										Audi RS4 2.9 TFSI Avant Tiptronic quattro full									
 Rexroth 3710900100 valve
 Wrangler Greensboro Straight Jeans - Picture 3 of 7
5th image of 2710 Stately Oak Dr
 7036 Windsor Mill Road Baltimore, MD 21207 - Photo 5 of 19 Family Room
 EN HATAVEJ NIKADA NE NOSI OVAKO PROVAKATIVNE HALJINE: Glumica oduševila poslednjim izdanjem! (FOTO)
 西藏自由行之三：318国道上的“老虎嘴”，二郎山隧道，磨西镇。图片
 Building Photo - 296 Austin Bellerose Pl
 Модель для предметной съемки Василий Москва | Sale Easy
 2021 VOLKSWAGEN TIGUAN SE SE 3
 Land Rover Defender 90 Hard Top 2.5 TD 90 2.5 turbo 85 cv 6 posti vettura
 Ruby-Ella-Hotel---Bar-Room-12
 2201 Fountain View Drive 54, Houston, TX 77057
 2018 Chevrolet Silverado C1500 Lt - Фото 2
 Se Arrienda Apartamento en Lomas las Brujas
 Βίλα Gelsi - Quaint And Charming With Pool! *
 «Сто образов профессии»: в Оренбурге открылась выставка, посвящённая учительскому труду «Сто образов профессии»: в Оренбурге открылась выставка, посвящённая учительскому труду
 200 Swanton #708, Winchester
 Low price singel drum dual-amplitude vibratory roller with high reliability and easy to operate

****************

= THE PROBLEM =
Copy out precisely the lines from the line with "Se Arrienda Apartamento en Lomas las Brujas" to the line with "200 Swanton #708, Winchester" in the material above, including those two lines and omitting all the rest.

= SOLUTION BELOW =
 Se Arrienda Apartamento en Lomas las Brujas
 Βίλα Gelsi - Quaint And Charming With Pool! *
 «Сто образов профессии»: в Оренбурге открылась выставка, посвящённая учительскому труду «Сто образов профессии»: в Оренбурге открылась выставка, посвящённая учительскому труду
 200 Swanton #708, Winchester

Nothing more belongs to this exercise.